Told in a mix of Spanish and Amazonian dialect, Embrace of the Serpent puts two generations in dialogue to challenge one’s notion of progress. As Karamakate sees the ongoing ravages of capitalism, he also sees the native Colombians ever-growing embrace of their colonial masters. The film offers a narrative of resistance as Karamakate sees through the materialism and empiricism of his passengers. To them, he might be a relic for a museum, but he casts an intoxicating spell of timeless enchantment.

The film is doubly allegorical with cinematography by David Gallego that captures the Amazon in exquisite black and white. The move is curious since the lush green of the Amazon and the man colours of its flora and fauna seem tailor-made for the big screen, but Embrace of the Serpent rejects the view of the setting as something romantic and alluring. The film instead favours the raw, mythic power of the waters and the ghosts that linger in the shadows. Guerro’s greyscale tapestry evokes the fluidity of Brazil’s Cinema Novo with the mysterious charm of French New Wave filmmaking.

Embrace of the Serpent becomes stranger and dreamier the further one goes into the forest, for the deeper one goes, the darker it gets. The strangeness of the film increases as Karamakate “heals” his passengers, particularly Theo who suffers some sort of near-fatal ailment, by blowing a powdery smoke up his nose. The effect injects the viewer with hypnotic reverie—Embrace of the Serpent is like licking a hallucinogenic frog and eating some popcorn—as images and sounds whirl, putting jaguars, reptiles, and birds as intense symbols of folklore, roots, tradition, and corruption. Don’t try to make sense of it in a linear fashion, but rather drink it down and swim in its intoxicating waters.
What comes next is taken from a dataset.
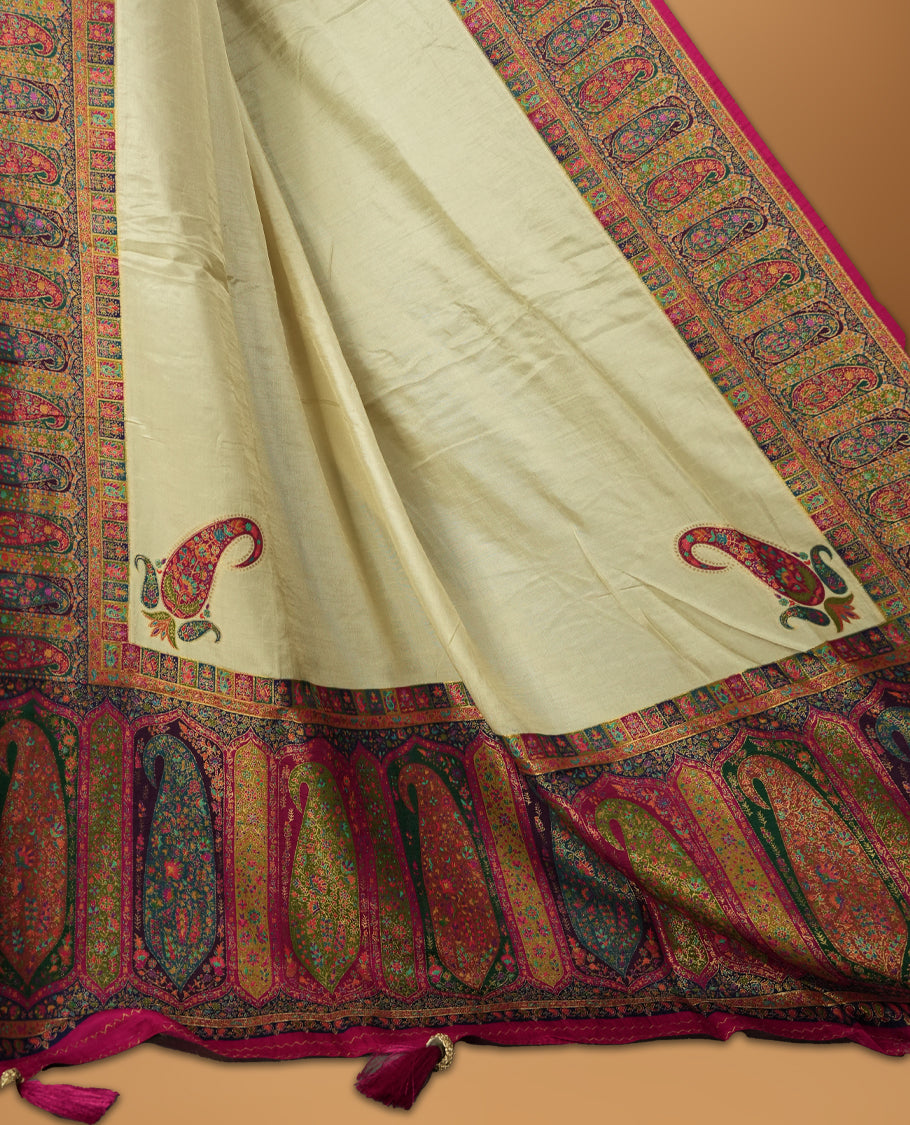 Cream Pashmina Silk Saree with Plain Body, Adorned with Intricately Woven Multicolor Paisley and Floral Motifs on Vibrant Pink-Gold Zari Border & Grand Pallu, Paired with Matching Blouse Piece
The abstract nature of the film poses a challenge for viewers, but the rewards come in a cinematic hangover that becomes clearer as time passes. It’s a journey into uncharted waters worth exploring.

Embrace of the Serpent opens Feb. 19 in Toronto (TIFF Lightbox), Ottawa (Mayfair Theatre), Halifax (Carbon Arc Cinema), and on Feb 26 in Waterloo (Princess Cinema).